◆ **YOUR INSTRUCTIONS**:
Retype exactly what appears below from the line containing "8 milímetros de" down to the line containing "disorganized desk", keeping both end lines. Do not include pictures.

──────── INPUT MATERIAL

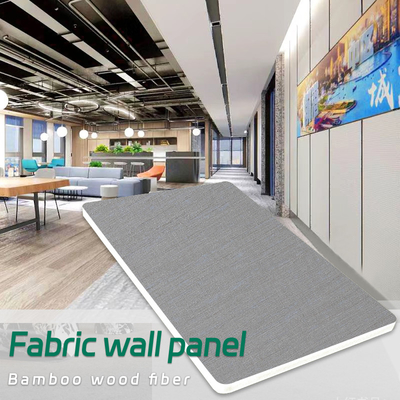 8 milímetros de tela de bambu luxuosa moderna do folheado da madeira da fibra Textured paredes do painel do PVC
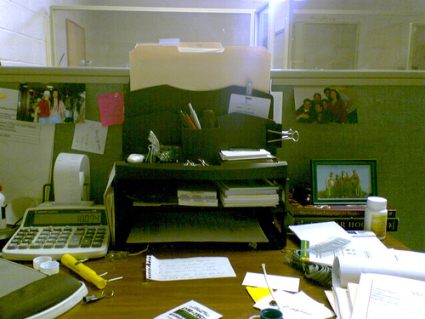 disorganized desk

────────────────
──────── INPUT MATERIAL

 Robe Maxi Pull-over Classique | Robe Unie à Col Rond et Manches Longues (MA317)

────────────────

◆ **EXERCISE ANSWER**:
 8 milímetros de tela de bambu luxuosa moderna do folheado da madeira da fibra Textured paredes do painel do PVC
 disorganized desk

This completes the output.